The use of jet propulsion devices for marine craft is well known technology. Jet propulsion has many advantages over the simple propeller, particularly in terms of maneuverability, and jet propulsion energy consumption is much more efficient. However, widespread acceptance of jet propulsion for marine craft has not occurred because of certain common problems associated with marine jet propulsion. For example, marine jet propulsion poses significant design problems because of uncertain performance over a wide range of speeds, water depth, sea conditions, etc.
Excess water pickup at the jet propulsion unit inlet may cause balling, i.e., excess water pressure between the hull and the inlet because the unit is not able to intake a sufficient volume of water during craft maneuvers or poor sea conditions. Balling induces a high drag characteristic adversely affecting the propulsive efficiency.
Cavitation is another common problem. Cavitation represents an uneven load on the impeller. Cavitation can be produced by excessive radial acceleration of the fluid, excess swirl and turbulence of the fluid column, and unintentional partial vaporization of the fluid throughput associated with a vacuum produced by impeller action.

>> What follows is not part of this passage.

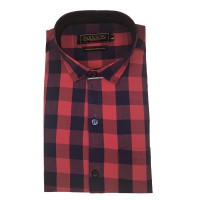 Parkson - Ble19Red - Casual Semi Formal Checks Shirts Premium Blended Cotton WRINKLE FREE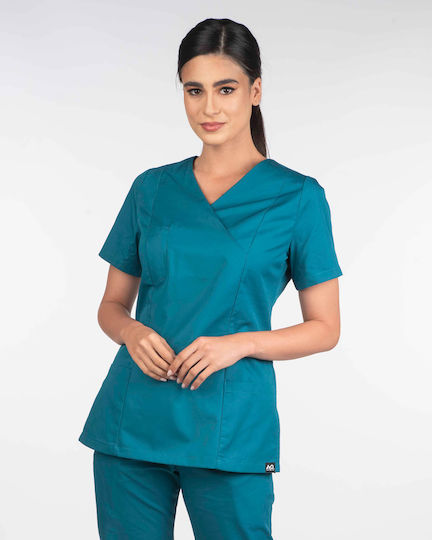 Ayo Cassandra Women's Petrol Blue Medical Blouse Cotton and Polyester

Accordingly, it would be desirable to design a jet propulsion unit for marine vessels where each feature synergistically works together to provide for a constant column of water even at high output and where the water throughput is neither turbulent nor swirling in order to eliminate cavitation effects. Furthermore, the unit should have maximum flexibility to cope with the entire speed range of the marine vessel and varying loading on the unit without producing the above-mentioned balling and cavitation effects.
Finally, the unit ought to be efficient at preventing intake of foreign matter, yet have provided therefor a quick means for manually cleaning the intake if fouling occurs.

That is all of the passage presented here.